To find this gap, we first need to lay out all the topics around our area of research. The research gap will be almost directly visible in the diagram. We will use Draw.IO, one of the best tools for making diagrams. The main reasons I prefer it over others (especially online tools):

  • Your diagram is inside an editable image. You can embed it into your notes, edit it later and have all the notes updated.
  • It is complex enough to allow for any layouts (unlike, for example, Scrintal, Obsidian Canvas or Heptabase).
  • It is free and runs offline, making it pretty fast. You can synchronize all your work in the cloud using it in combination with Google Drive or Obsidian Sync.

Visualizing your research

We need to zoom out to see research gaps or connections. Let’s look at the result and see why this is a good idea before getting into the tutorial and exploring how to do it. Here is a video of a complex research topic that I have been exploring.

  • Each color and shape has a meaning
  • Different arrow colors/shapes also have meanings.
  • There are a lot of annotations referring to papers, e.g. “Doak 2010.”
  • There is a logical flow from left to right (which is not always the case).

This example summarizes a month’s worth of reading (just note how many papers there are).
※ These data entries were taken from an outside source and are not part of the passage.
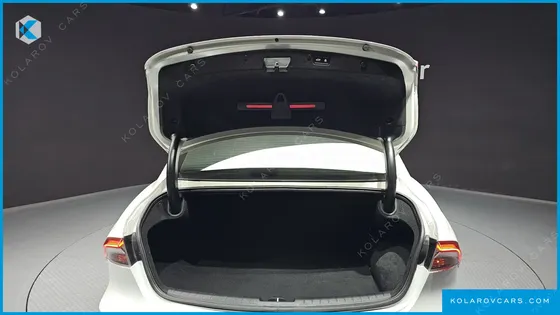 HYUNDAI GRANDEUR LE BLANC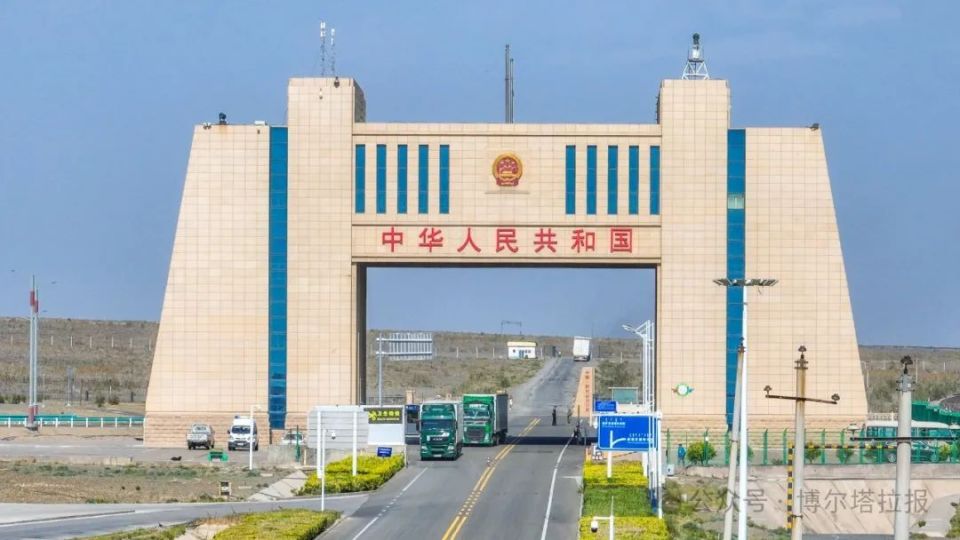 阿拉山口市▲ 精河县▲ 温泉县如今博州交通,教育,医疗等各项事业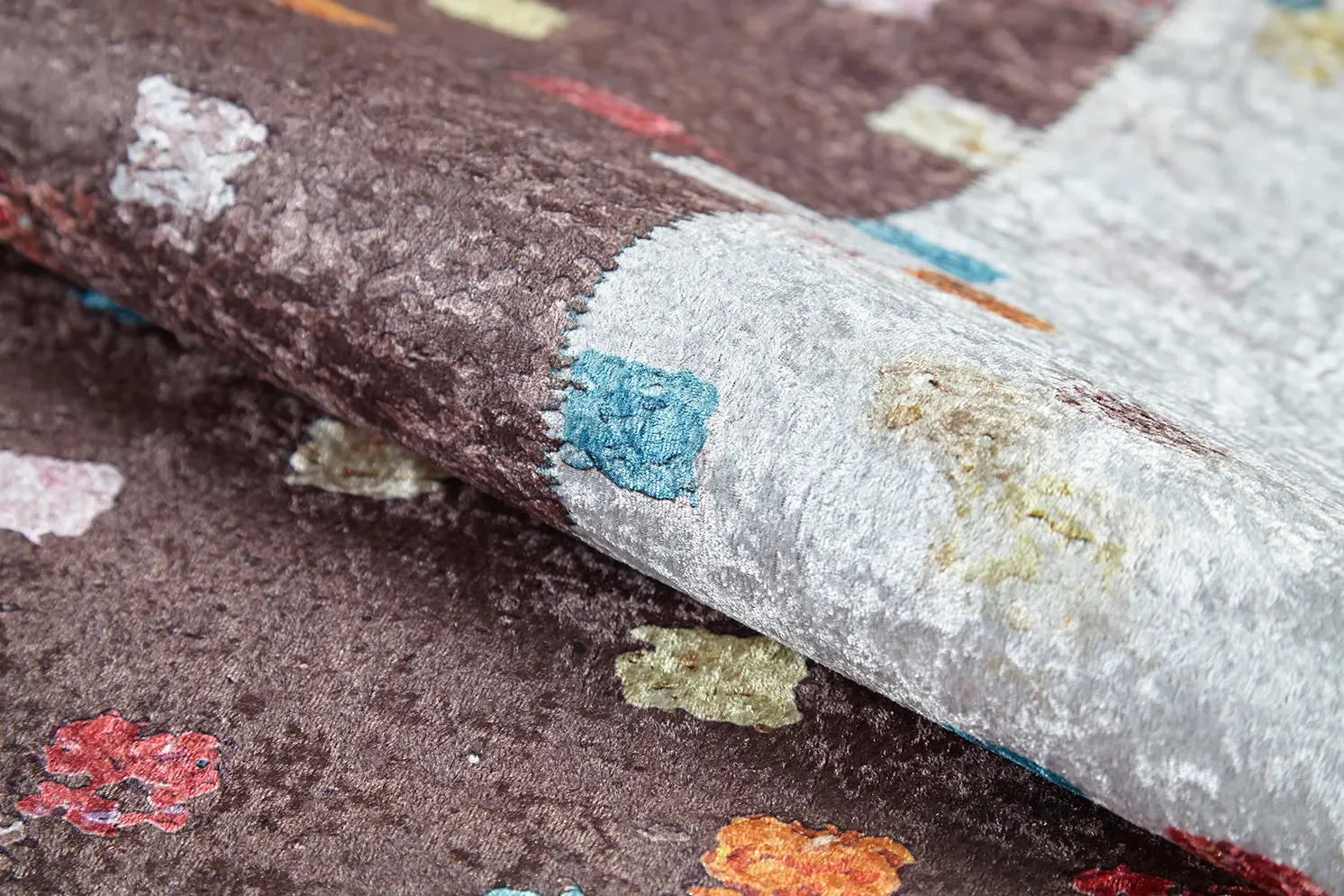 Örgü Saçaklı Çok Renkli Puanlı Halı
This means that what you read in a month fits into a relatively small overview. Now, I can access my entire reading in a few seconds. Visual diagrams like this give you massive amounts of information, improving memory and synthesis skills.
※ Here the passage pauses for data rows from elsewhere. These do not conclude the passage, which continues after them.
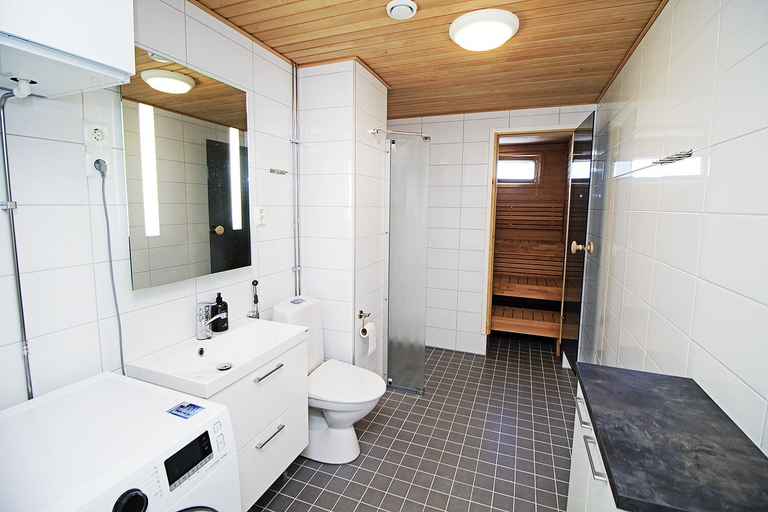 Bathroom 4, Pro Apartments, Ostrobothnia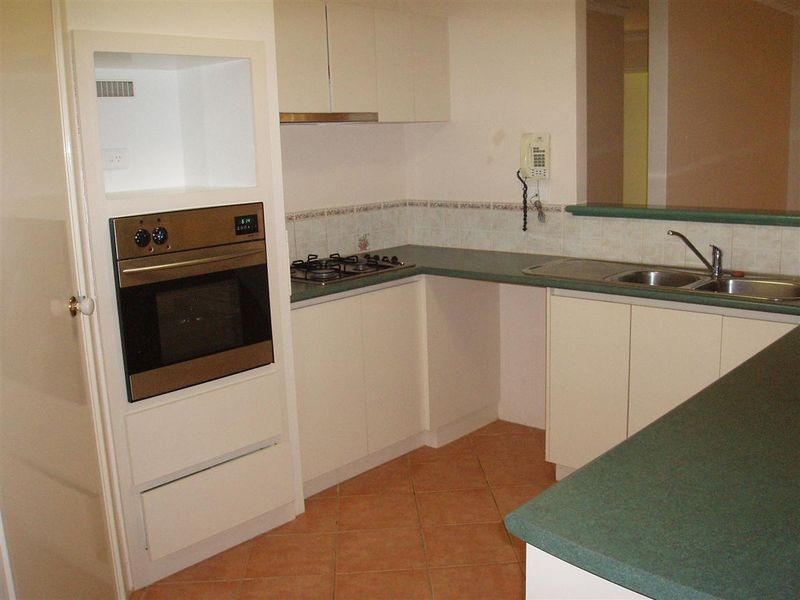 8 Elbe Court, Riverton WA 6148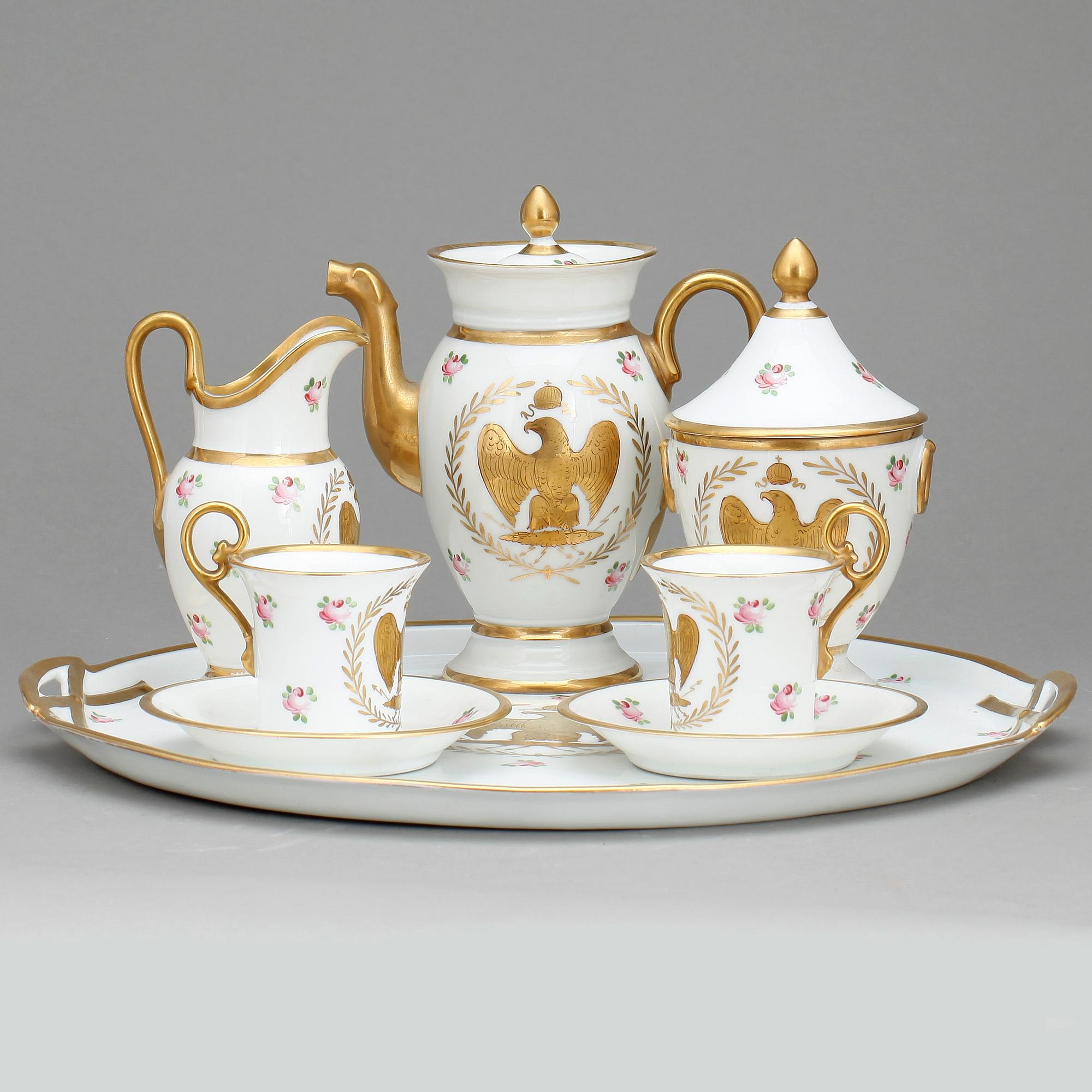 FRUKOSTSERVIS, porslin, 6 delar. Neapelliknande märke. 1900-tal.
Here is another static example from a different domain. Notice the same ideas here as well: Dozens of papers are usually associated with connections, as connections are the research gaps, and thus, publications will always be related to connections in these diagrams.
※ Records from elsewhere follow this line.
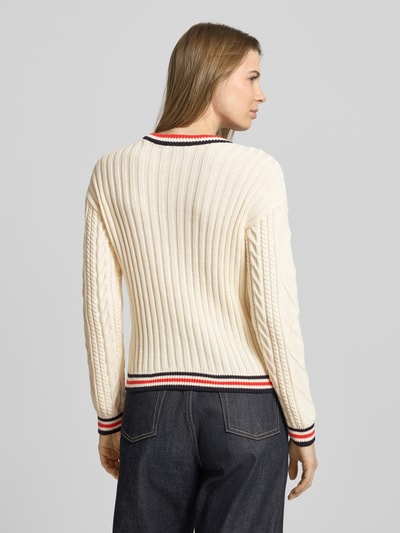 Frauenmodel trägt Strickpullover mit Zopfmuster von Jake*s Casual, cremefarben, reine Baumwolle, körpernaher Schnitt, Kontrast-Abschlüsse, Rückansicht.
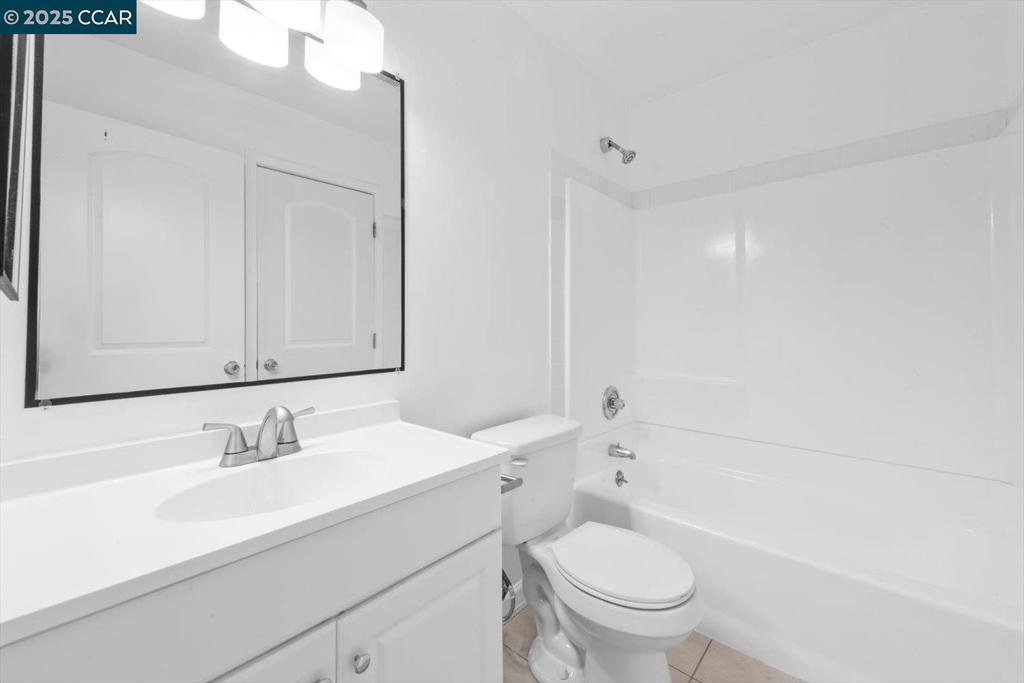 https://media.crmls.org/mediaz/3e222eaa-8817-47b6-95c1-d7f1f277bc5c.jpg?preset=X-Large
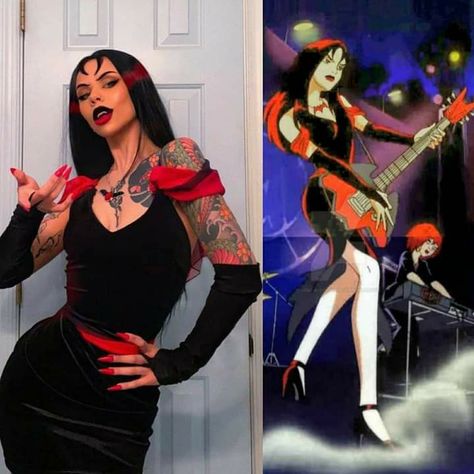 Women In Horror Costumes, Women’s Costumes Ideas, Cool Female Costumes, Cool Women Costumes, Red And Black Hair Halloween Costumes, Sister Cosplay Ideas, Woman Villian Costume, Characters For Spirit Week, Horror Movie Cosplay Female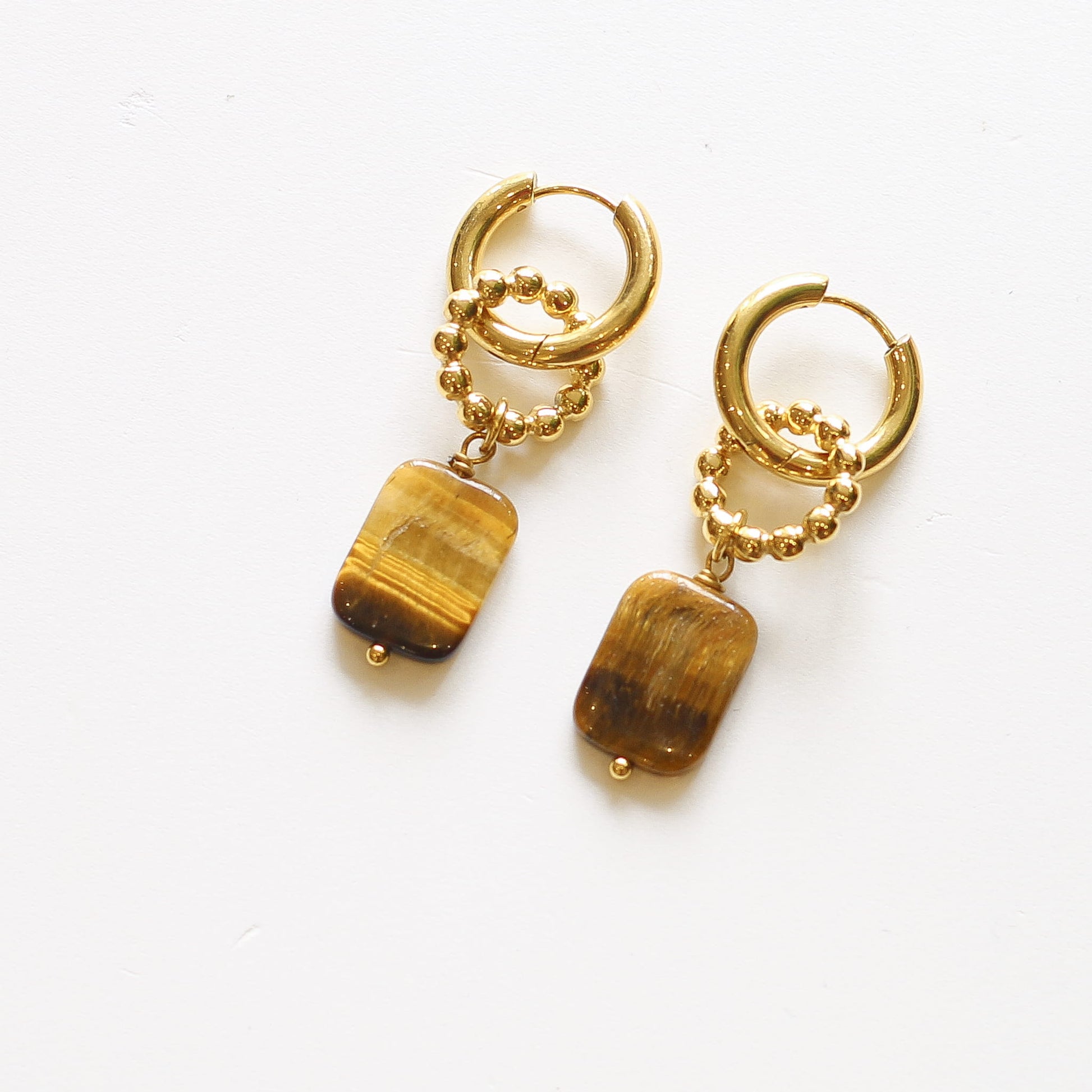 Boucles anneaux Œil de tigre, détail des pierres, création Mahny bijoux pierres semi-précieuses.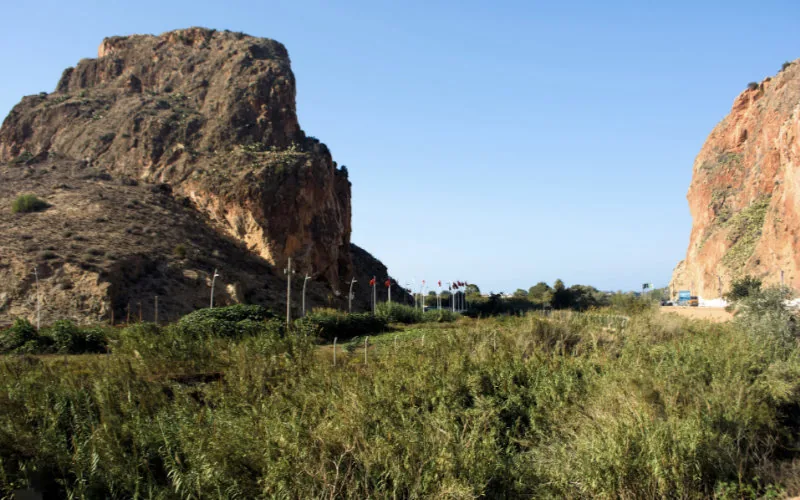 Tensión fronteriza : Argelia levanta muro de hierro ante Marruecos en Bin Lejraf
The key to using visual thinking effectively is to develop a language and keep refining it until you can express everything your research requires. This language will be personal and work only for your domain. We will create our language step-by-step. To get an idea, here is the legend I used for the diagram above:

While it looks complicated now, it started with a few simple elements. Over time, more and more connections and node types have joined. You might already get the idea of how to spot the research gap: Find two unconnected elements and think of a possible new connection between them. Once you have mapped out all connections in the literature, any new and feasible connection will be a research gap. It will be almost obvious to spot. The work is in creating these diagrams. Luckily, making them is a straightforward step-by-step process requiring little thinking. We effectively broke down the enormous task of finding the research gap into a series of small (and enjoyable) steps!

Getting started with Draw.io

DrawIO is a free tool that you can access online at https://www.drawio.com/. I recommend downloading the tool and using it offline.

After downloading, you can create a new diagram. To embed this diagram into Obsidian (and many other tools), use the SVG (or PNG) format. The difference is that SVG is a vector format, which means your images can be scaled up without losing any quality.

You can then store these images directly inside your note-taking tool (I use Obsidian). In Obsidian you will store the SVG file inside your vault and then embed it like you would any other image using the ![[filename.svg]] format. Adding a |800 behind it will limit the image’s width, if necessary.

Obsidian embedding a DrawIO SVG diagram.

Creating a visual language for your work step-by-step

Let’s get started creating a visual language. I will run you through an example in my domain. It will be very different from you. Note, however, that we start simple and become increasingly complex; this is the key takeaway.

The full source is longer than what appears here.